Acehjurnal.com – Pemerintah Aceh secara resmi mengimbau seluruh pemilik kendaraan yang beroperasi di wilayah Aceh untuk menggunakan pelat nomor kendaraan bermotor (BL). Imbauan ini juga berlaku khusus bagi kendaraan yang digunakan perusahaan tambang di daerah setempat.
Kepala Badan Pengelolaan Keuangan Aceh (BPKA) Reza Saputra menegaskan pentingnya kepatuhan terhadap aturan ini dalam keterangan resminya pada Selasa (30/9/2025). “Perlu kami sampaikan kembali mari semua pemilik kendaraan non BL yang berdomisili dan beroperasi di Aceh menggunakan pelat BL agar ikut serta berkontribusi dalam membangun Aceh melalui Pajak Kendaraan Bermotor (PKB),” ujar Reza.
Menurut penjelasannya, dana yang terkumpul dari pembayaran pajak kendaraan akan dialokasikan untuk pembangunan infrastruktur dan pemeliharaan jalan.

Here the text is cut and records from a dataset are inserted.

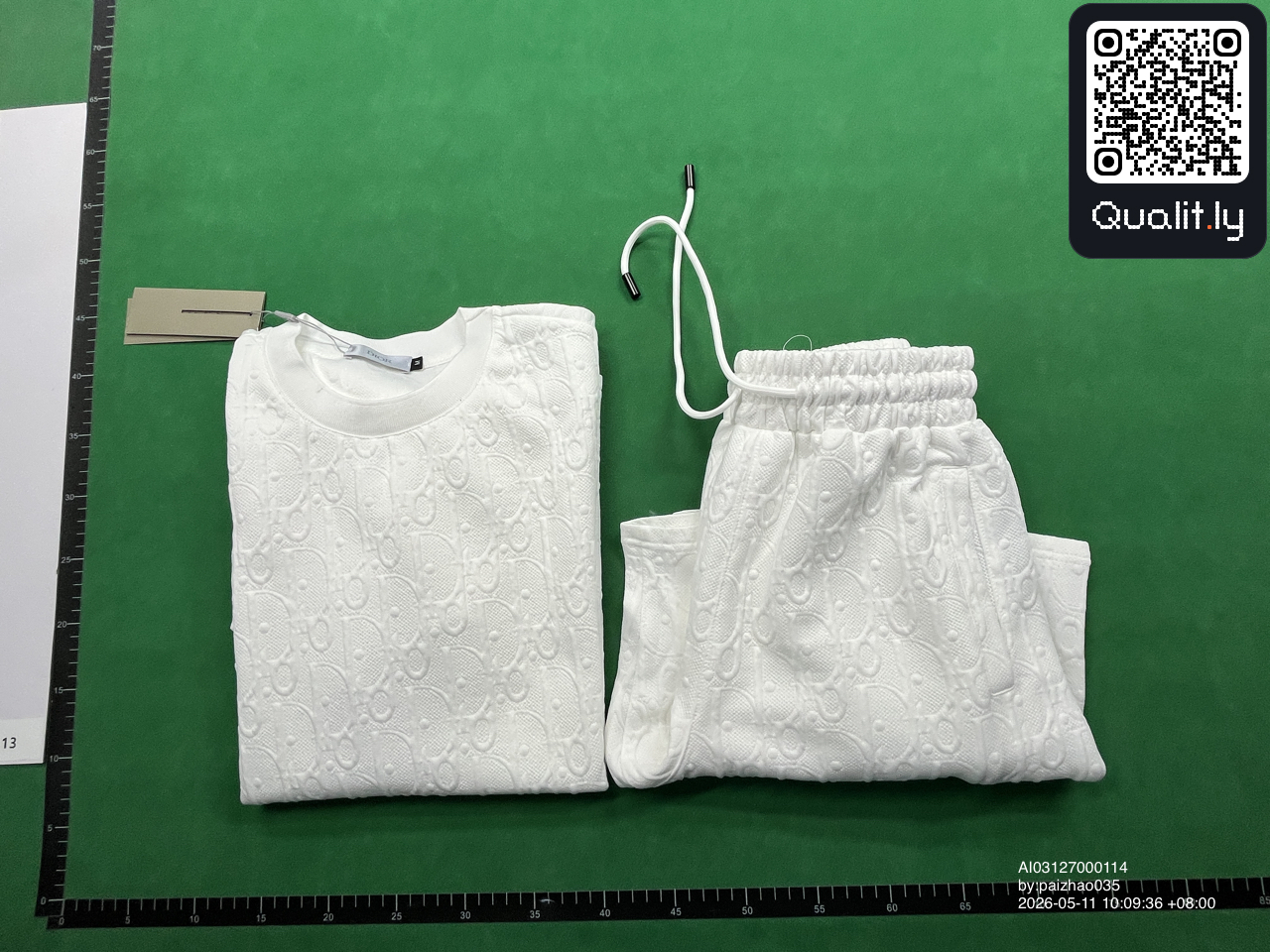 Foto QC 1 de 38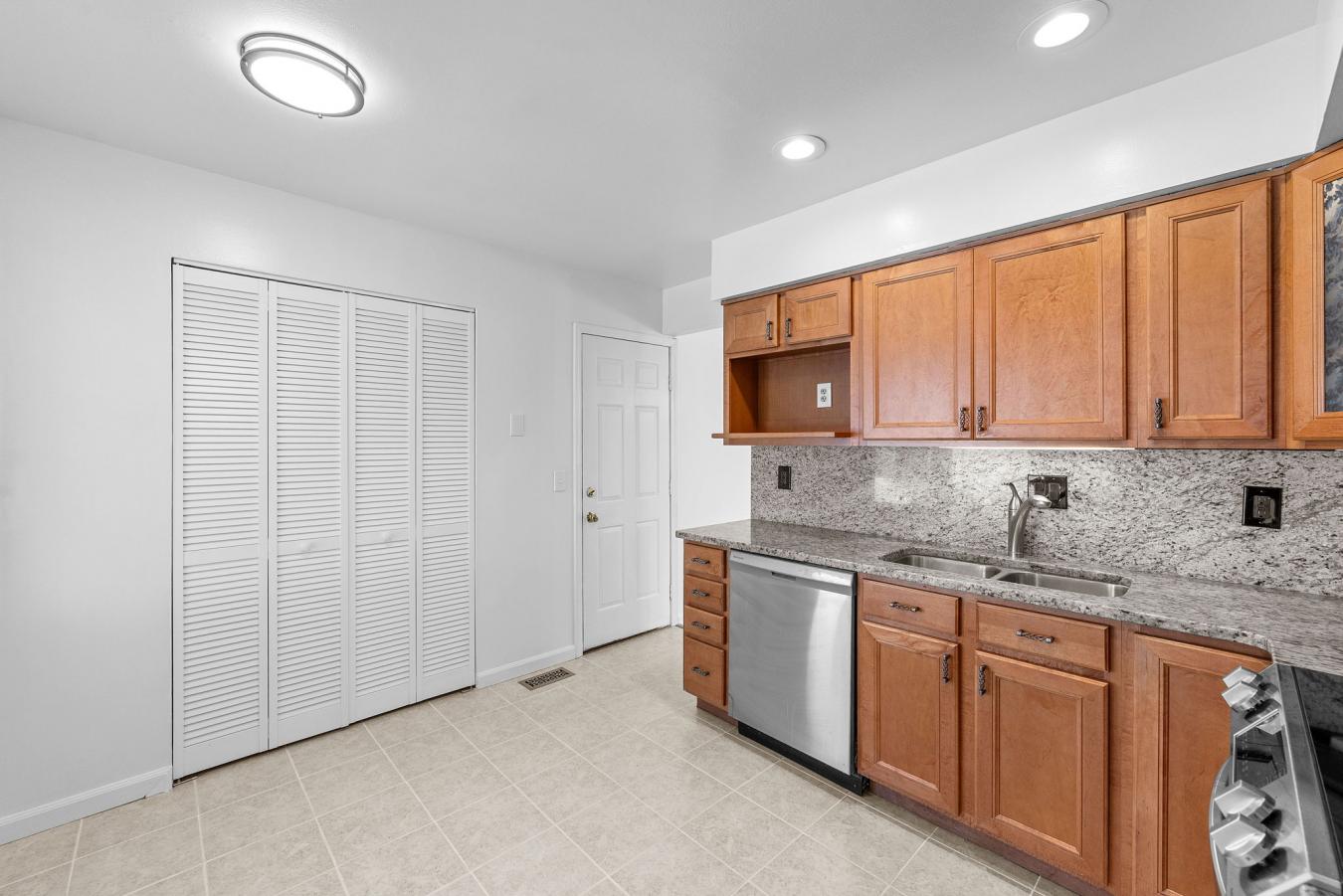 1531 Charlemont Drive, Chesterfield, MO, 63017, United States, 3 Bedrooms Bedrooms, ,2 BathroomsBathrooms,Residential,For Sale,1531 Charlemont Drive,25015825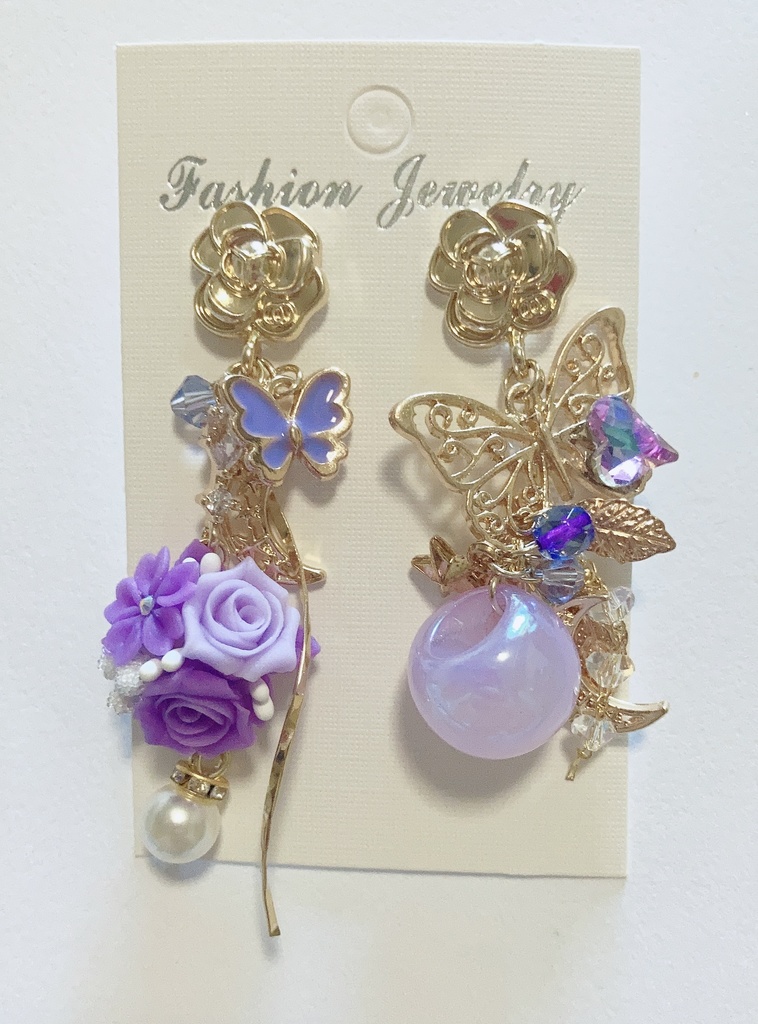 glass purple ハンドメイド  薔薇ピアス　鈴丸ピアス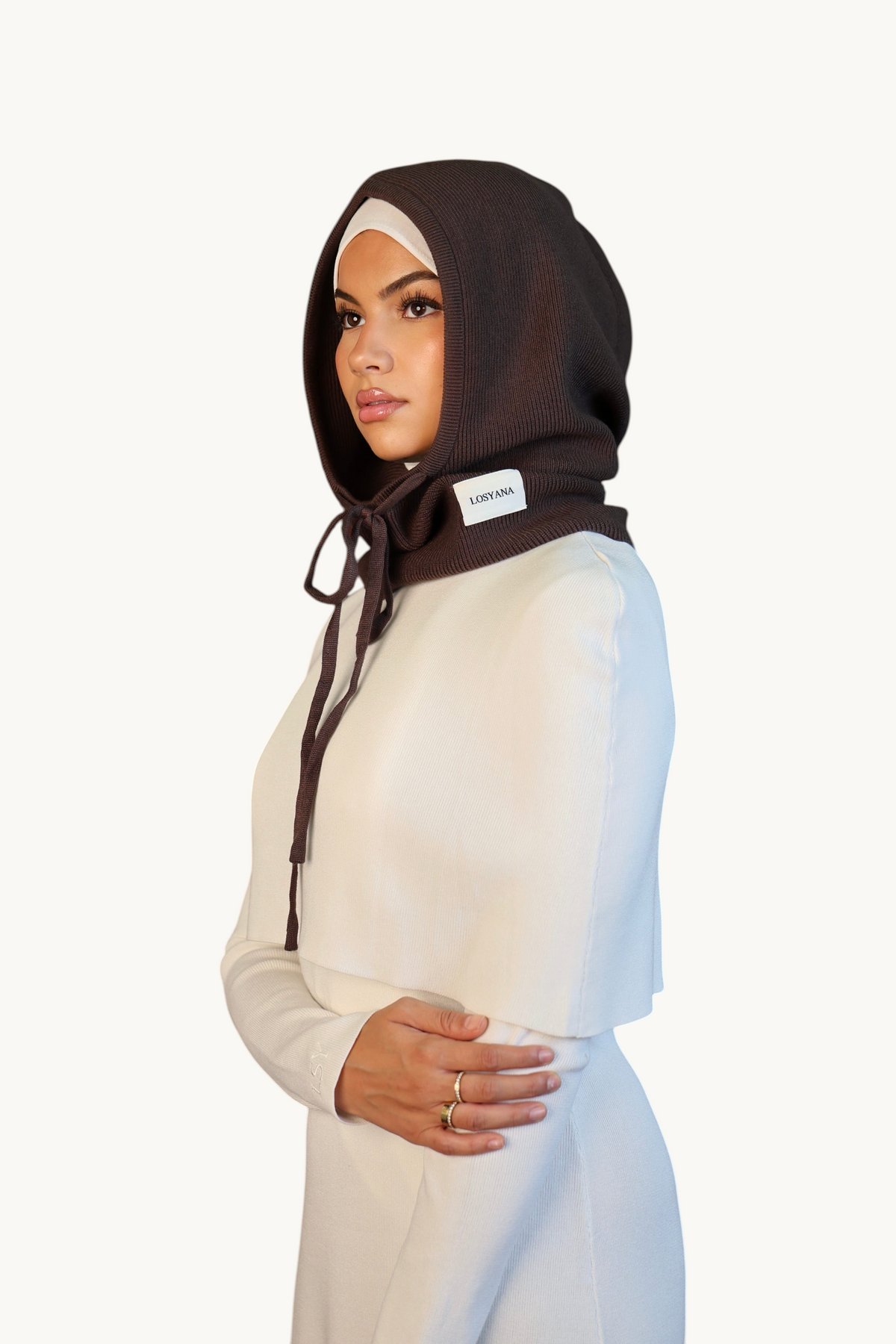 LOSYANA Balaclava in Espresso-Braun mit Kordelzug, getragen von einem Model in weißem Oberteil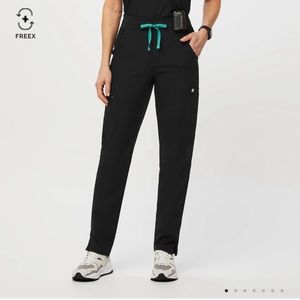 Figs XS Tall black yola skinny scrub pants with FreeX fabric, new with tags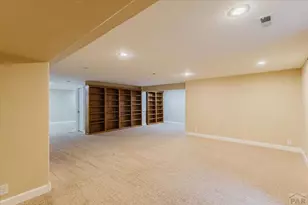 5601 Mark Twain Ln, Pueblo, CO 81008 - Photo 43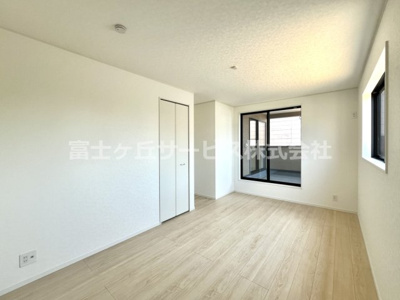 【寝室】 | 牧之原市静波 11期 新築一戸建て 2号棟 | 主寝室8帖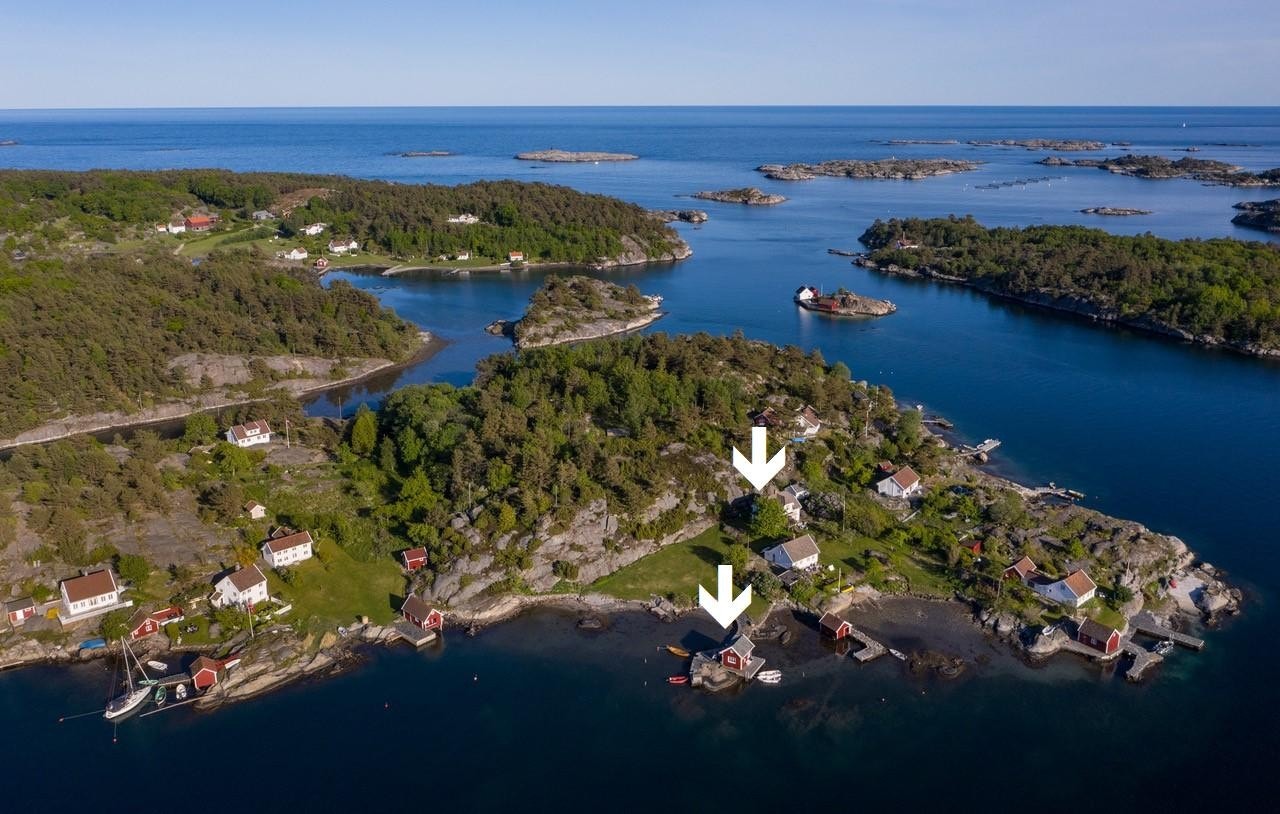 Bjørnholmen nederst i bildet og havet øverst Galleribilde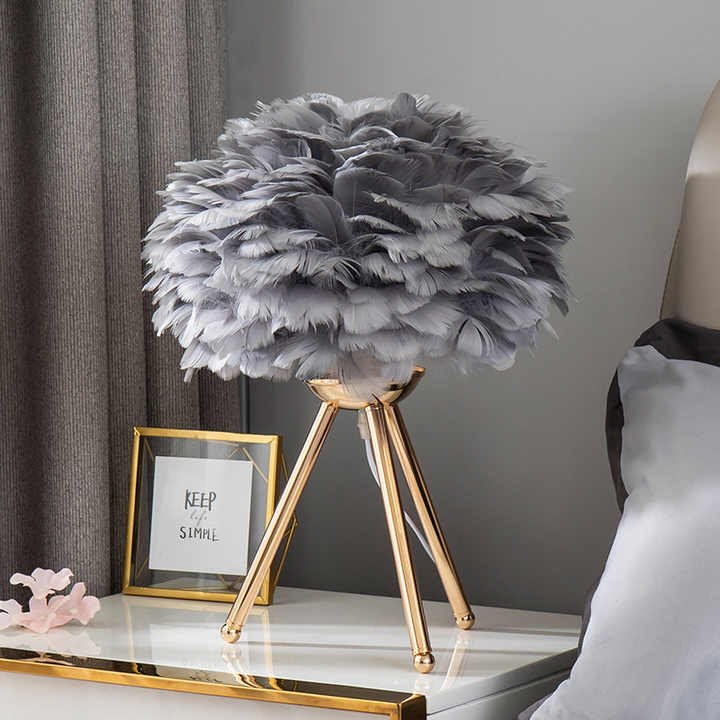 Missfeather Dimmable Feather Table Lamp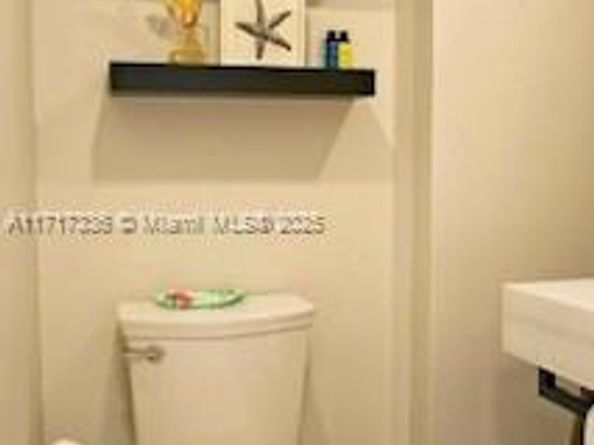 3849 NE 169th St 302, North Miami Beach FL 33160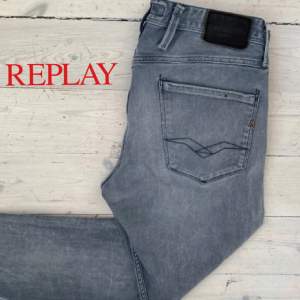 Ett par snygga gråa replay jeans i den populära modellen anbass (slim fit) Helt nya skick 10/10!🤩👖 Storlek W32 L32, kontakta för fler bilder eller funderingar 🙌🍾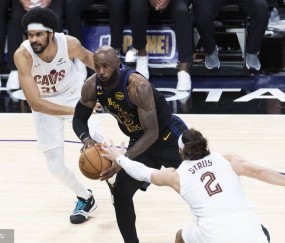 东契奇42+12哈登17分 湖人击败骑士4连胜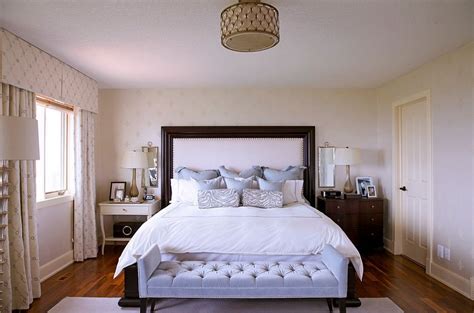 30 Bedrooms that Wow with Mismatched Nightstands | Mismatched nightstands, Side tables bedroom ...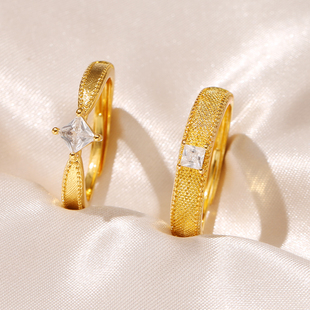 仿金色四爪方形公主钻戒情侣仿真对戒结婚活口可调节戒指一对道具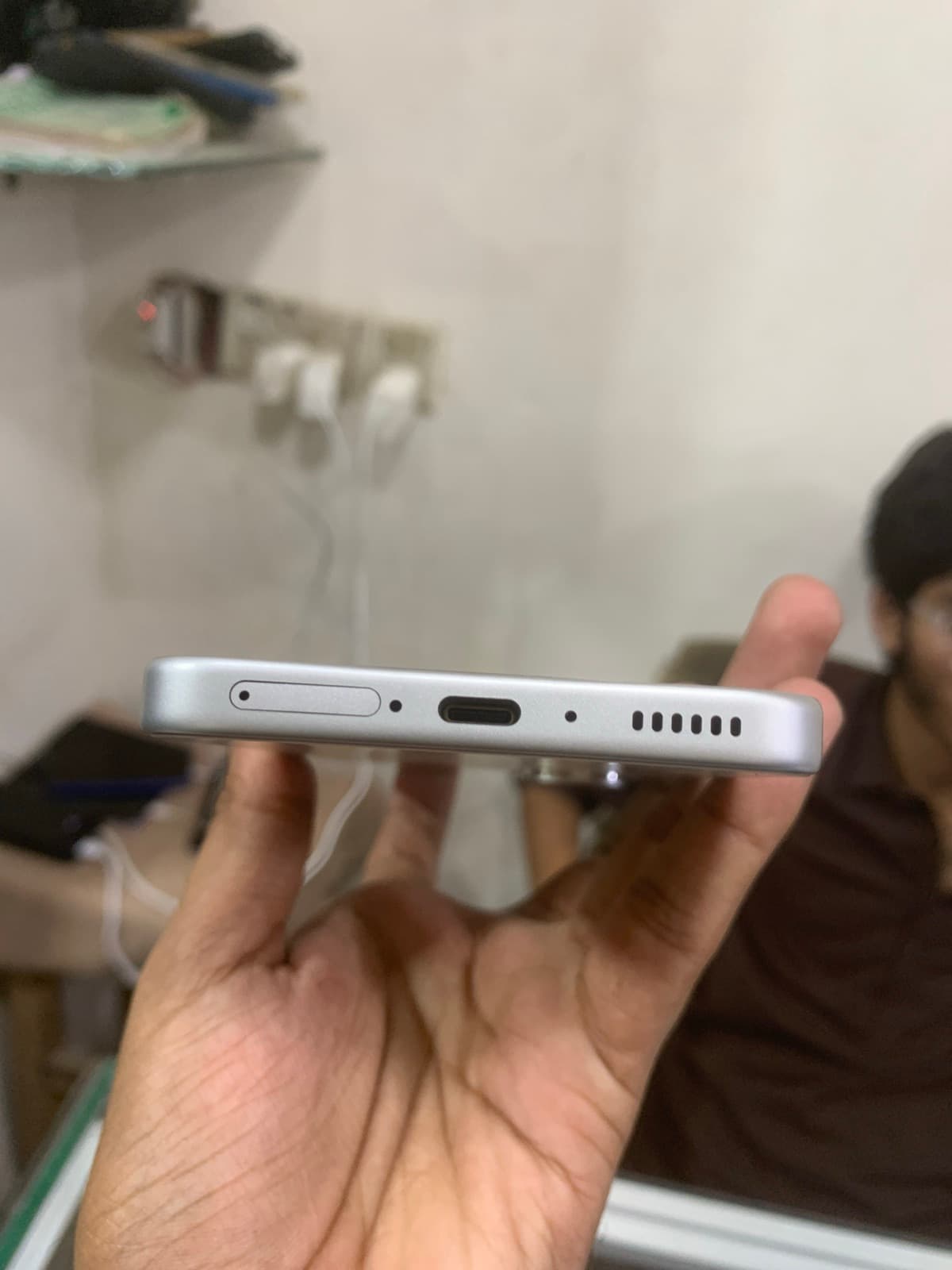 Vivo Y500 8GB / 256GB in Pearl White — photo 3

Selain itu, dana tersebut juga akan digunakan untuk peningkatan moda dan sarana transportasi umum di Aceh.
Reza menambahkan bahwa kebijakan ini memiliki dasar hukum yang kuat. Hal tersebut disebut sesuai dengan amanat Pasal 25 ayat (1) Peraturan Pemerintah Nomor 35 Tahun 2023 Tentang Ketentuan Umum Pajak Daerah dan Retribusi Daerah.
“Dengan demikian akan memberikan kelancaran lalu lintas barang dan jasa, serta memberikan rasa aman dan nyaman dalam berkendara di jalan raya,” jelas Reza lebih lanjut. Ia juga menekankan pentingnya kedisiplinan dalam berkendara untuk mencegah kecelakaan lalu lintas.
Dalam pernyataannya, Reza juga menyampaikan pesan khusus kepada masyarakat Aceh. “Orang Aceh yang sayang ke Aceh ayo bayar pajak kendaraannya untuk Aceh,” serunya mengajak partisipasi aktif warga.
Terkait sektor pertambangan, BPKA merespons positif rekomendasi dari Panitia Khusus Dewan Perwakilan Rakyat Aceh (Pansus DPRA). Rekomendasi tersebut mendorong perusahaan tambang dan migas di Aceh untuk menggunakan kendaraan dengan pelat BL.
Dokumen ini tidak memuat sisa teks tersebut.